|Improving First Level Cache Efficiency for GPUs Using Dynamic Line Protection
|Zhu, X., R. Wernsman, and J. Zambreno
|Proceedings of the International Conference on Parallel Processing (ICPP)
A modern Graphics Processing Unit (GPU) utilizes L1 Data (L1D) caches to reduce memory bandwidth requirements and latencies. However, the L1D cache can easily be overwhelmed by many memory requests from GPU function units, which can bottleneck GPU performance. It has been shown that the performance of L1D caches is greatly reduced for many GPU applications as a large amount of L1D cache lines are replaced before they are re-referenced. By examining the cache access patterns of these applications, we observe L1D caches with low associativity have difficulty capturing data locality for GPU applications with diverse reuse patterns. These patterns result in frequent line replacements and low data re-usage.

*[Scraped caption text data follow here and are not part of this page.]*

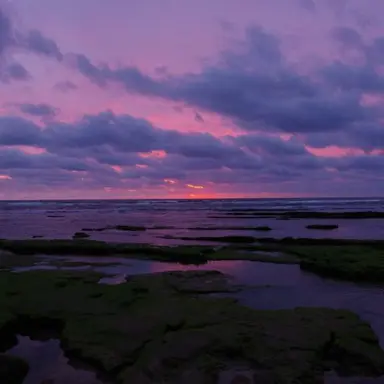 Profile image of 유성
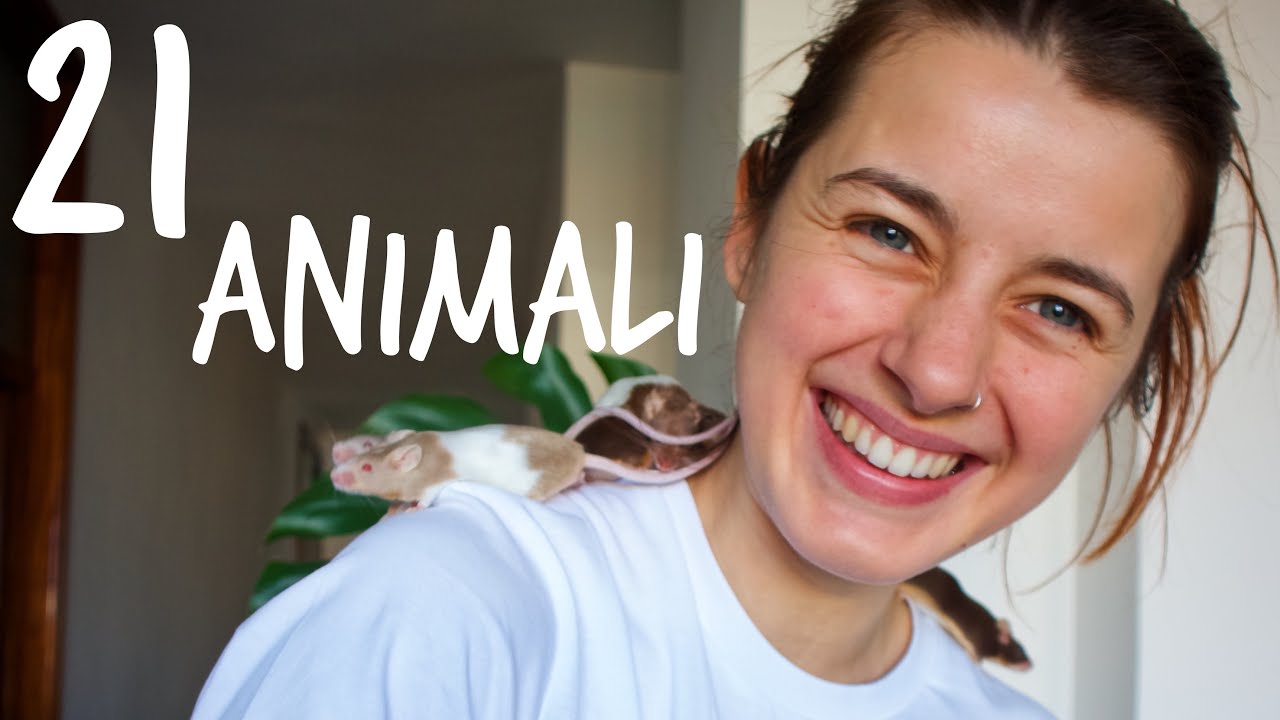 21 ANIMALI🐶🐌🐀La mia ROUTINE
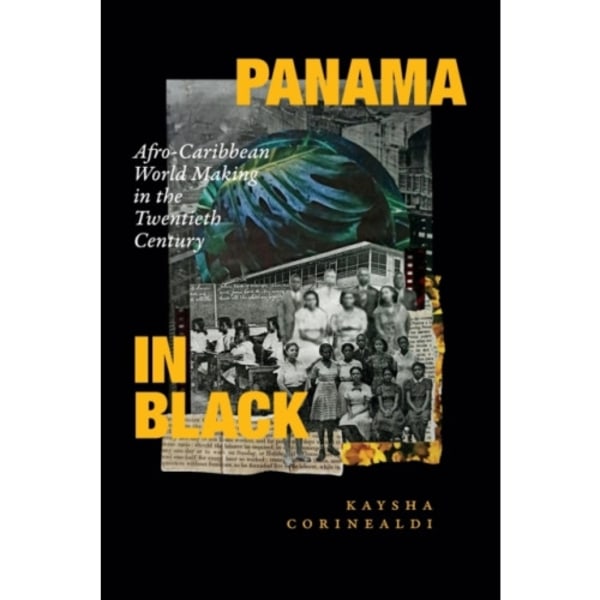 Panama in Black (häftad, eng)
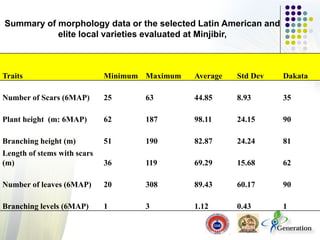 Traits Minimum Maximum Average Std Dev Dakata
Number of Scars (6MAP) 25 63 44.85 8.93 35
Plant height (m: 6MAP) 62 187 98.11 24.15 90
Branching height (m) 51 190 82.87 24.24 81
Length of stems with scars
(m) 36 119 69.29 15.68 62
Number of leaves (6MAP) 20 308 89.43 60.17 90
Branching levels (6MAP) 1 3 1.12 0.43 1
Summary of morphology data or the selected Latin American and
elite local varieties evaluated at Minjibir,
 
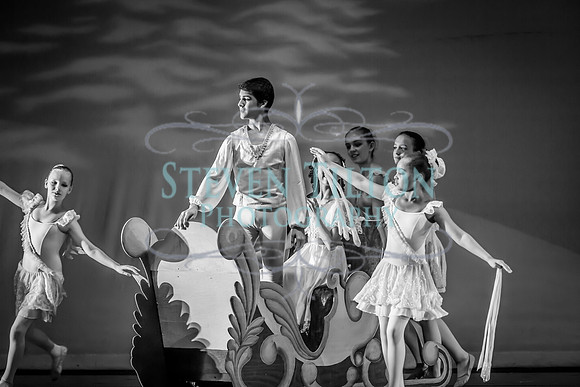 Destiny Winter Gala 2013
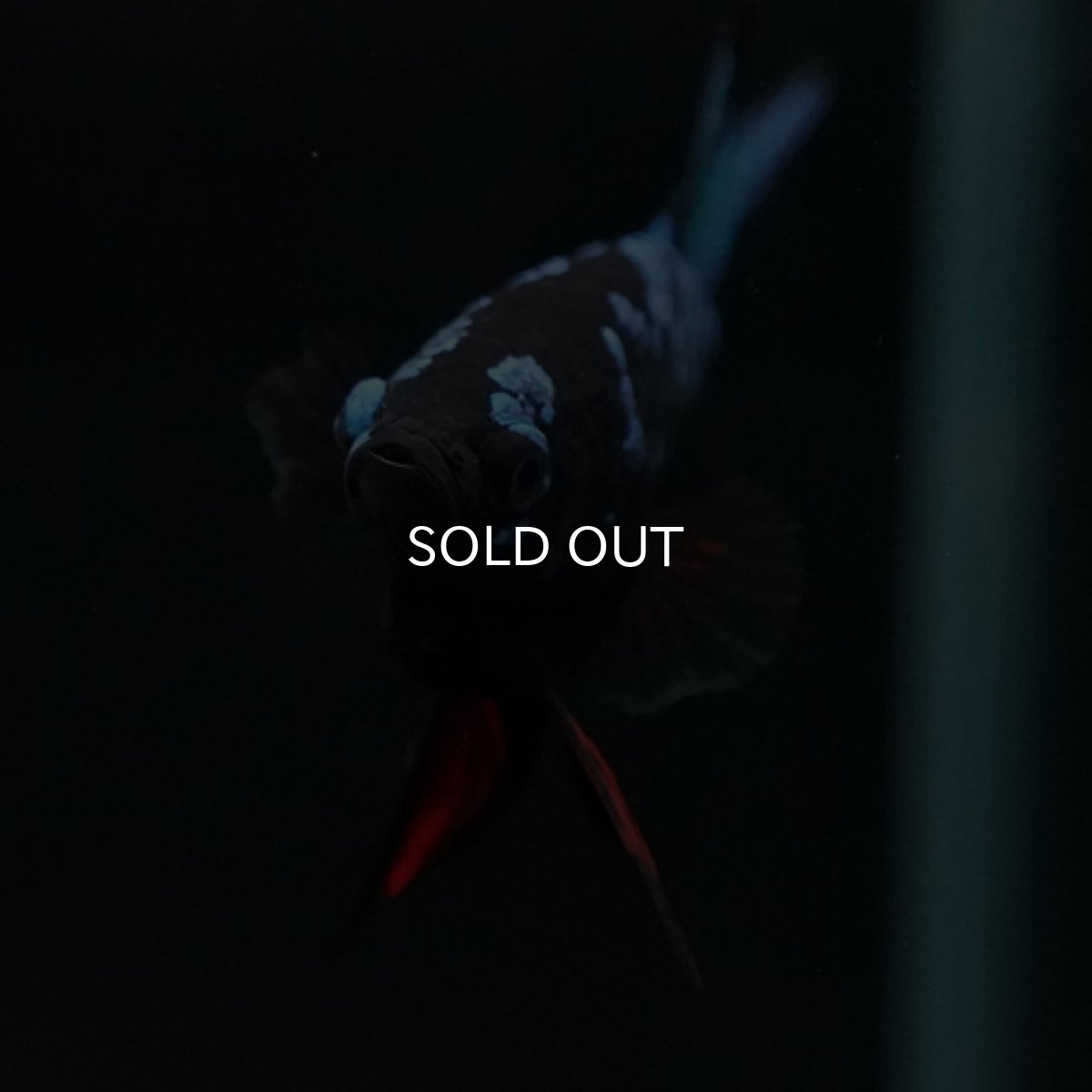 画像5: HMPK　ブルーブラックギャラクシー (5)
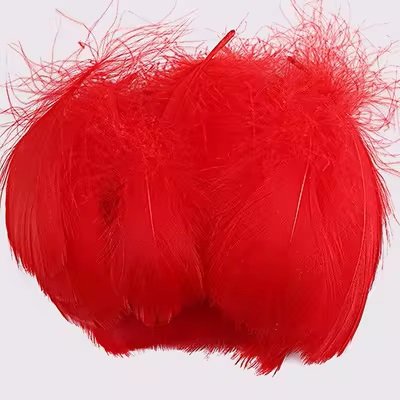 Lot de 100 plumes rouges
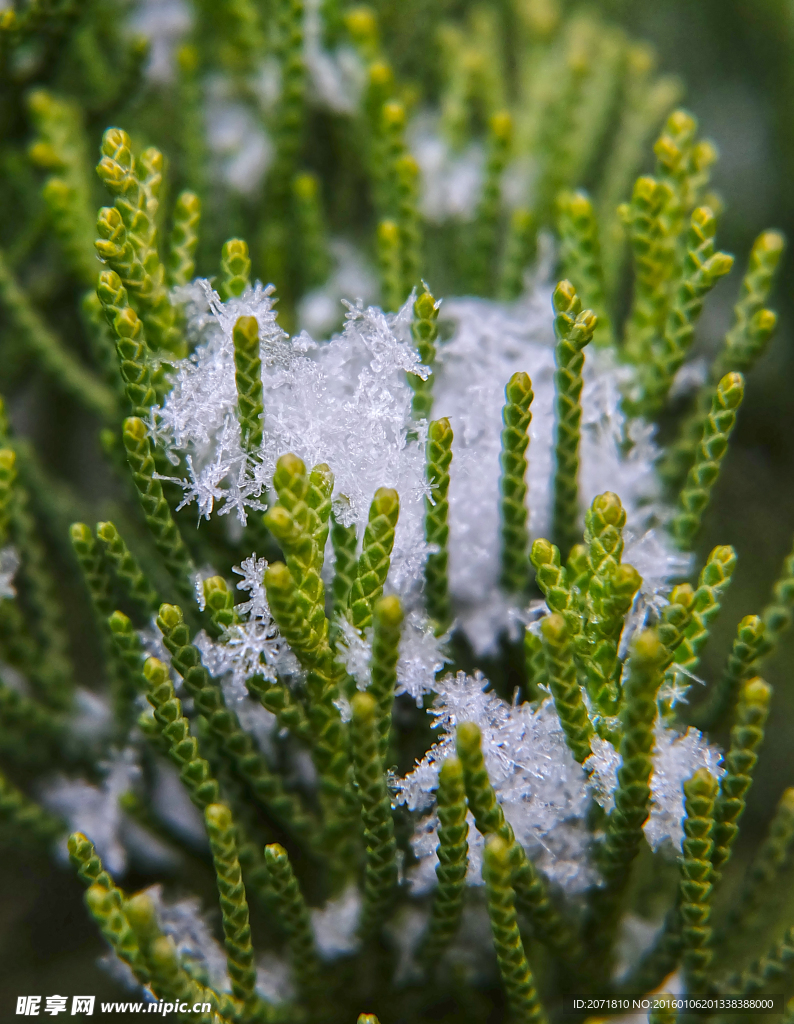 雪花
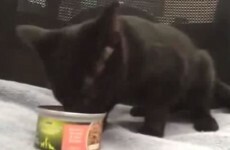 The noise this cat makes while it eats will either disturb or delight you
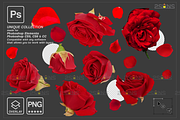 RED Rose Petals photo overlays, an Object Graphic by 2SUNS (Thumbnail 4 of 10)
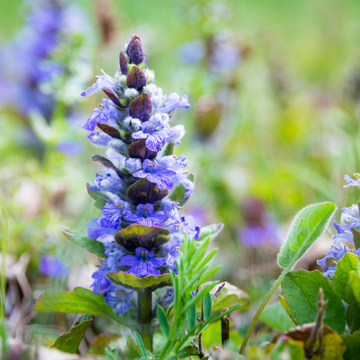 Bugle Rampante Bleue Feuillage Panache - Ajuga Reptans Burgundy Glow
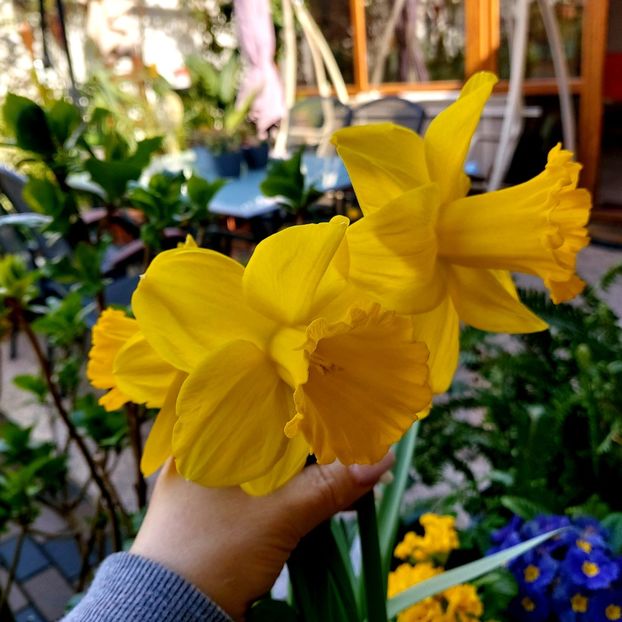  - februarie-martie 2023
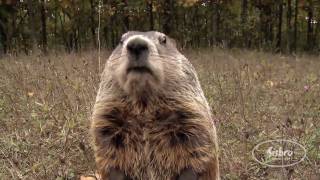 The Groundhog Song from First Snow in the Woods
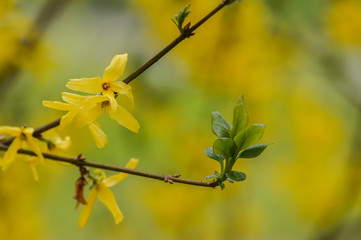 Yellow Forsythia flowers on a twig in springtime close up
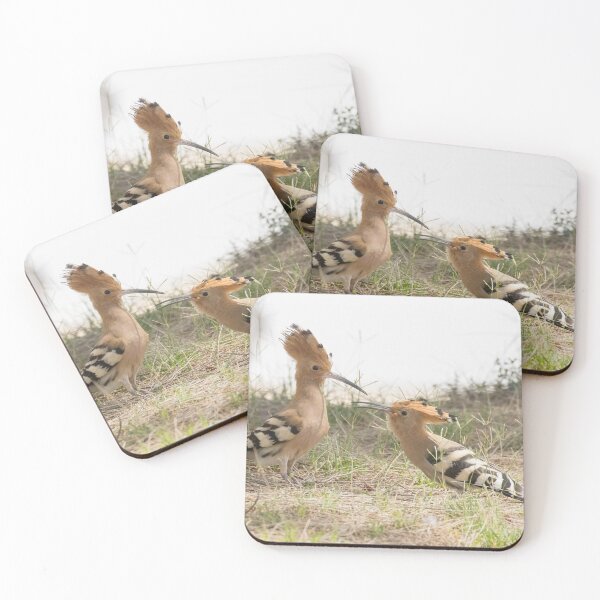Item preview, Common Hoopoe designed and sold by LaurenTucker.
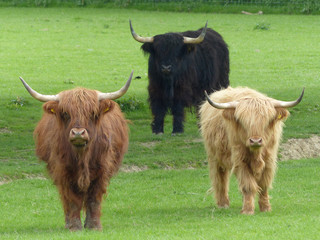 Highland Cows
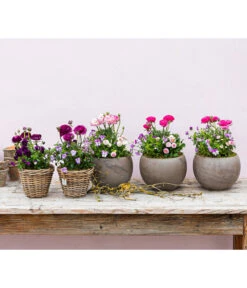 Pflanzen-Trio Frühjahr In Pastell -Gartenbedarf Verkäufe 2024 8817355 WE MO 001 FruejahrTrioMixies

To improve the efficiency of L1D caches, we design a Dynamic Line Protection scheme (DLP) that can both preserve valuable cache lines and increase cache line utilization. DLP collects data reuse information from the L1D cache. This information is used to predict protection distances for each memory instruction at runtime, which helps maintain a balance between exploitation of data locality and over-protection of cache lines with long reuse distances. When all cache lines are protected in a set, redundant cache misses are bypassed to reduce the contention for the set. The evaluation result shows that our proposed solution improves cache hits while reducing cache traffic for cache-insufficient applications, achieving up to 137% and an average of 43% IPC improvement over the baseline.